Comment exposer des existences dont subsistent seulement quelques traces ? C’est à cette question qu’a tenté de répondre l’exposition L’Esprit carcéral, présentée au Mons Memorial Museum (MMM), du 12 juillet 2025 au 11 mai 2026. Prenant pour point de départ la prison cellulaire de Mons – où furent notamment détenu·es Paul Verlaine (de 1873 à 1875), ainsi que plusieurs figures de la résistance belge pendant la Seconde Guerre mondiale, dont Marguerite Bervoets, Cécile Detournay et Fernand Dumont, tous trois incarcéré·es à partir de 1942 –, l’exposition rassemble des archives liées à ces quatre personnalités marquées par l’enfermement.
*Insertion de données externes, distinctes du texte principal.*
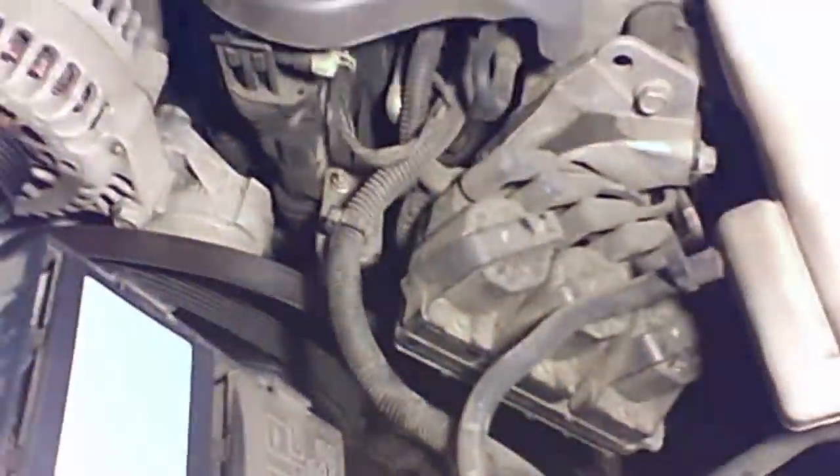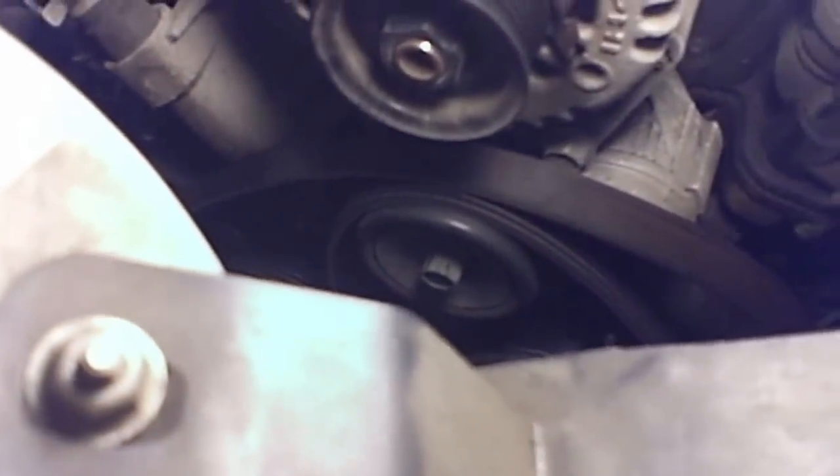2004 Chevy Impala with a 3800 Series 2. Got a coolant leak — there's a small elbow with o-rings on it that's leaking, and there's also one down below the tensioner.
Mais plutôt que de chercher à reconstituer intégralement leurs parcours, le dispositif assume la fragilité et l’incomplétude des documents conservés. Lettre d’adieu, fragments d’écriture, photographies ou objets fabriqués en détention, autant de témoignages d’existences parfois brutalement interrompues, dont les archives ne livrent que des bribes.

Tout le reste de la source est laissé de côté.